• [Record extracts]:
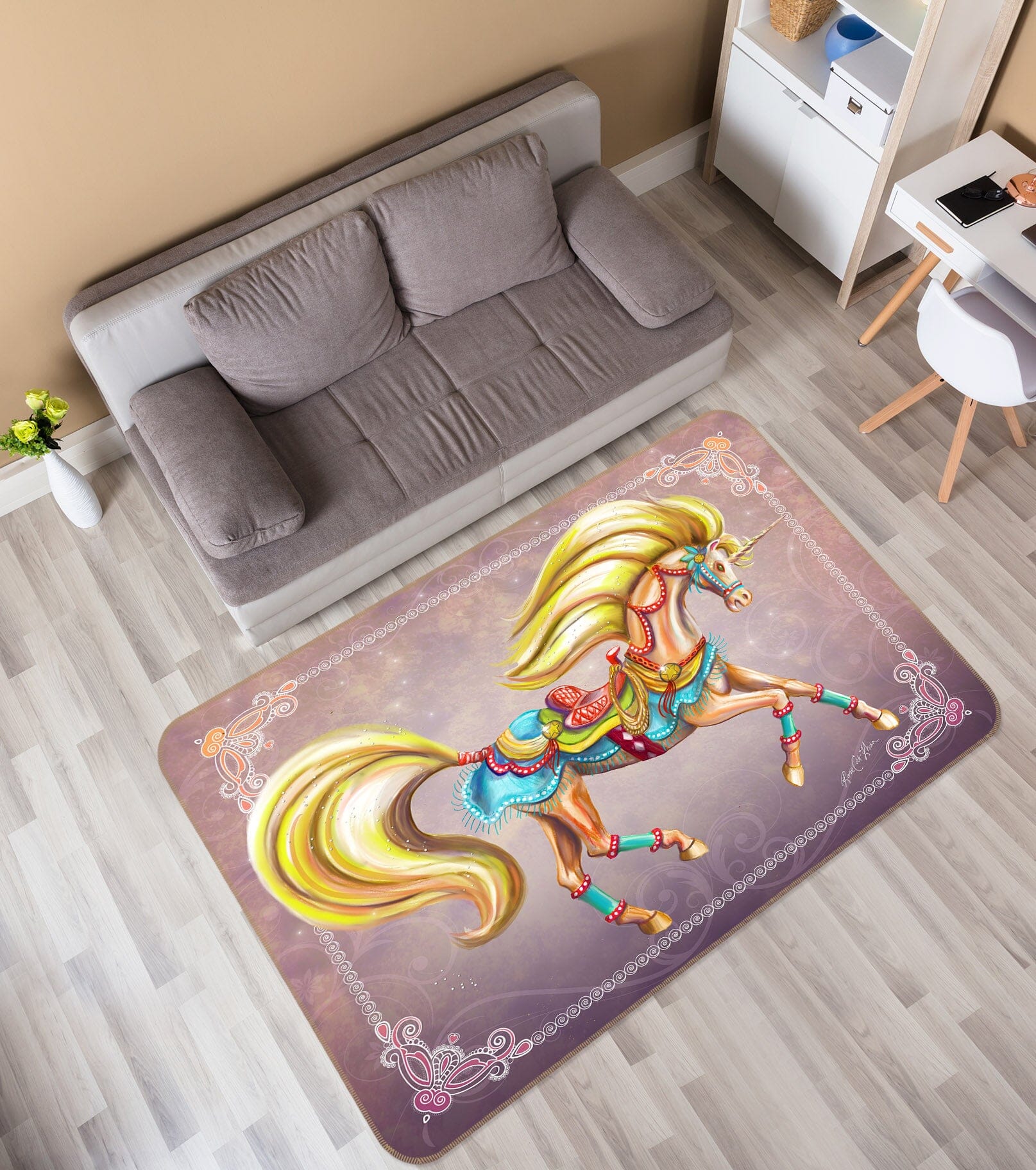3D Golden Unicorn 3025 Rose Catherine Khan Rug Non Slip Rug Matt Mat AJ Creativity Home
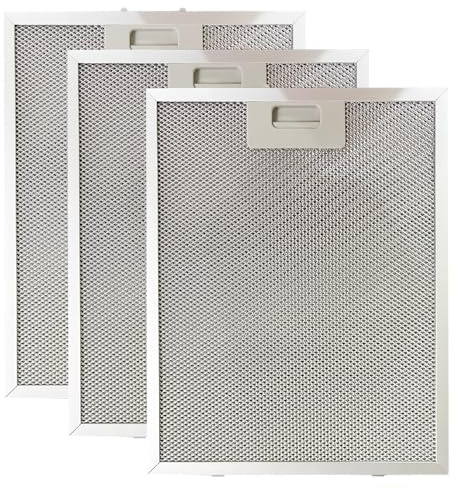 3 Pack Cooker Hood Filter Replacement, 32x26x0.9cm 5 Layers Stainless Steel Extractor Fan Filters, Washable Grease Filter, Compatible with Mainstream Range Hoods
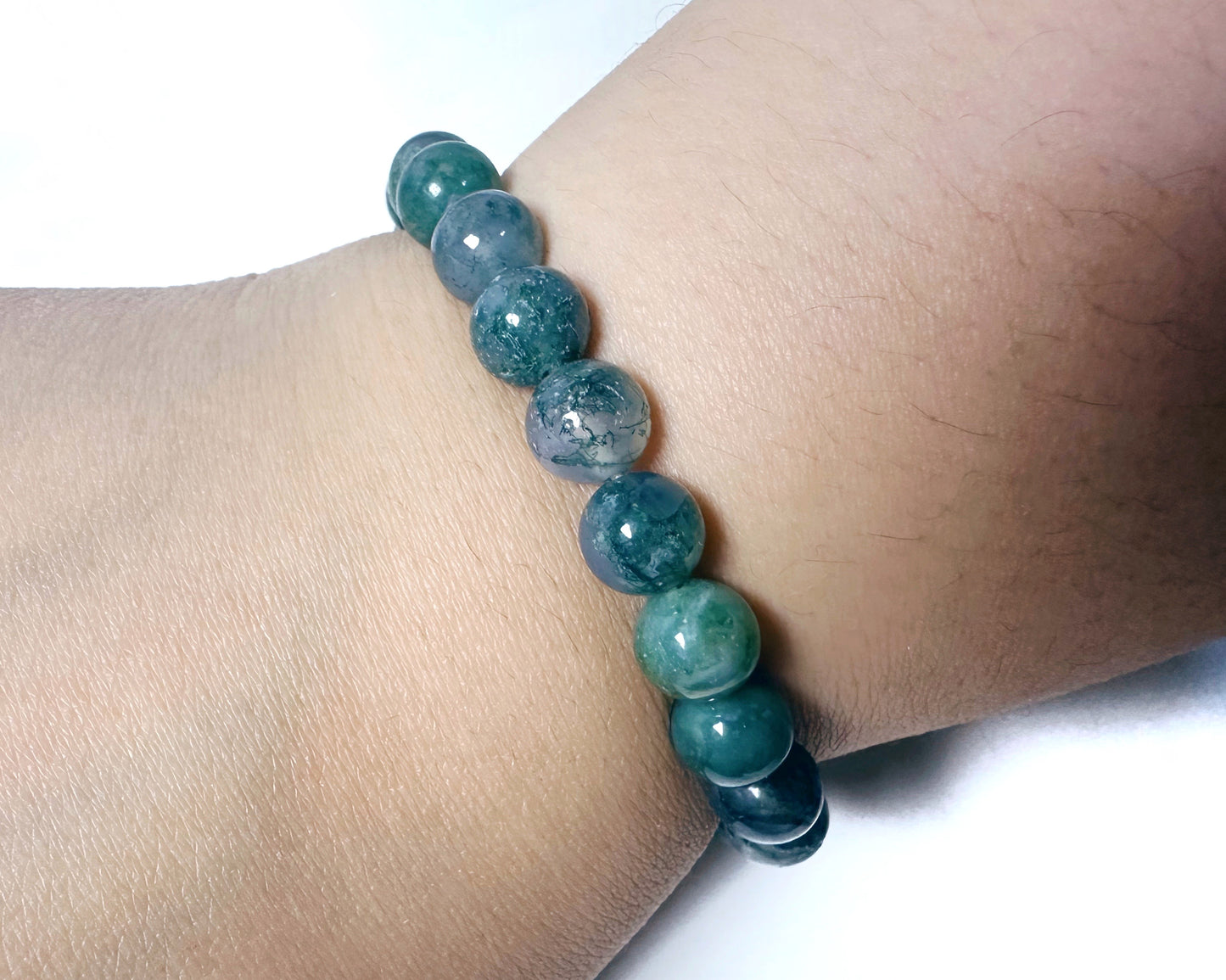 Moss Agate Beaded Bracelet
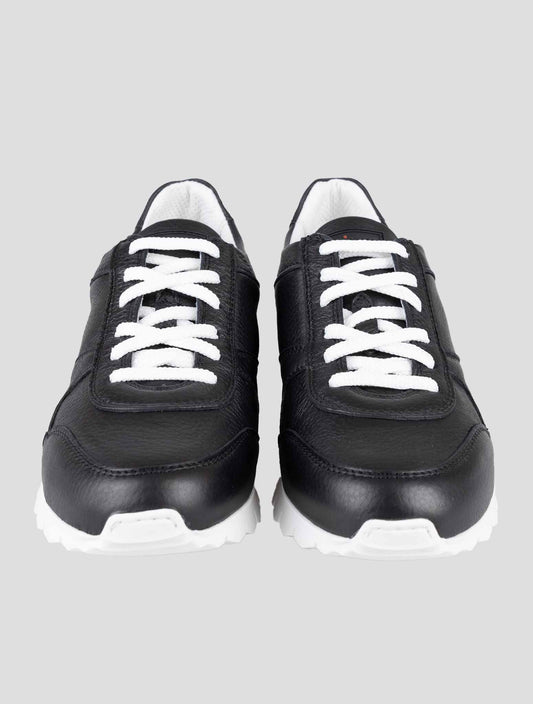 Kiton Black Leather Deerskin Sneakers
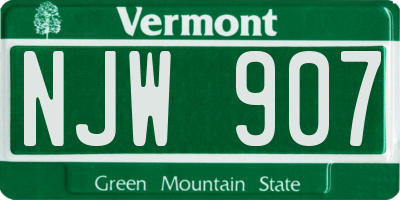 VT license plate NJW907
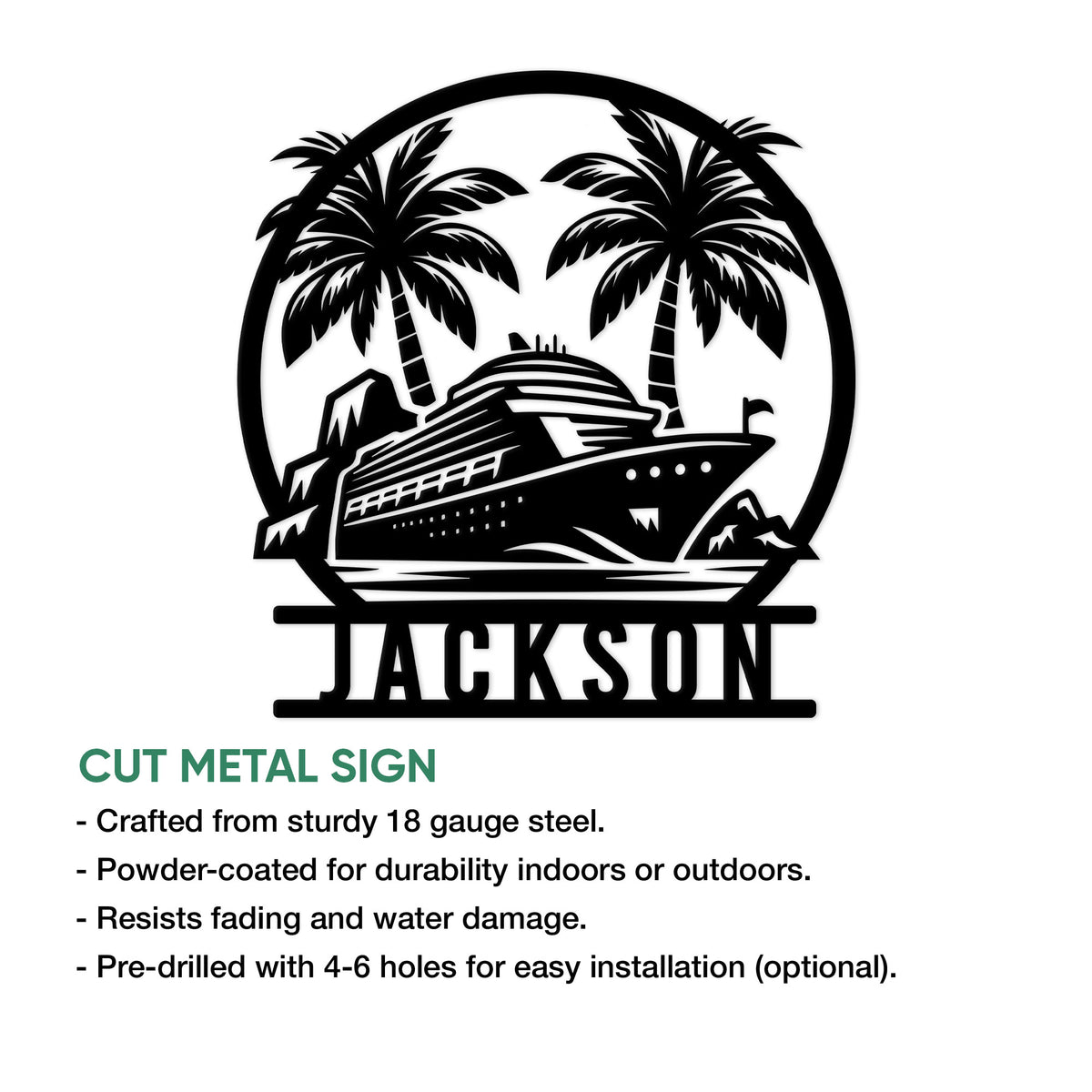 Cruise ship cut metal sign feature graphic showing a tropical ship design for indoor or outdoor decor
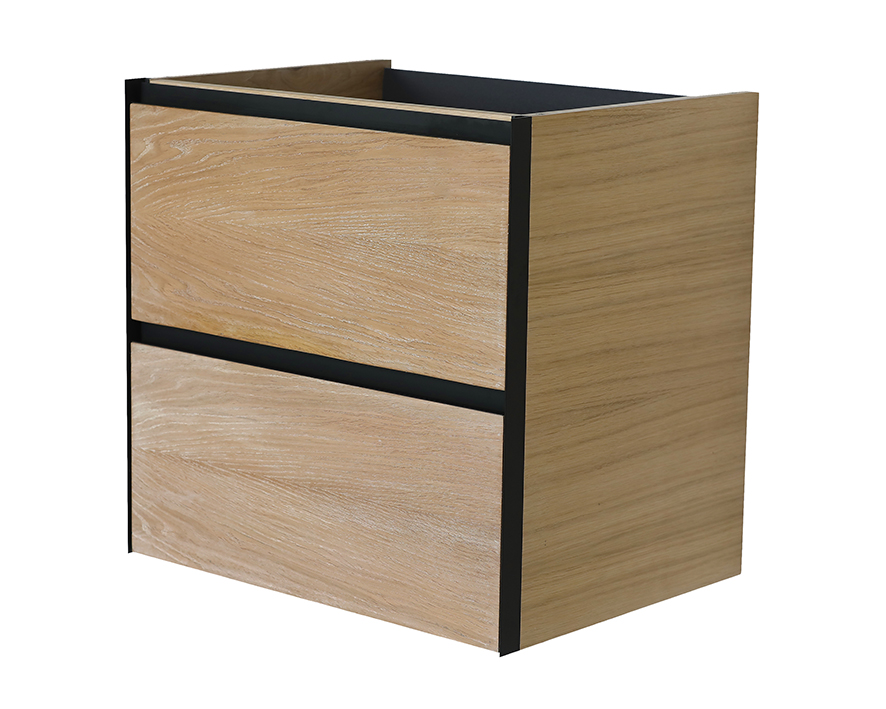 Lotus onderkast met 2 laden 60 x 45,2 cm naturel eik/mat zwart - 32.3685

• [Try it]: In the answer, the lines from the one containing "Moss Agate Beaded Bracelet" to the end of the records above must be written out exactly, both ends included; the pictures must not appear.

• [Task response]:
 Moss Agate Beaded Bracelet
 Kiton Black Leather Deerskin Sneakers
 VT license plate NJW907
 Cruise ship cut metal sign feature graphic showing a tropical ship design for indoor or outdoor decor
 Lotus onderkast met 2 laden 60 x 45,2 cm naturel eik/mat zwart - 32.3685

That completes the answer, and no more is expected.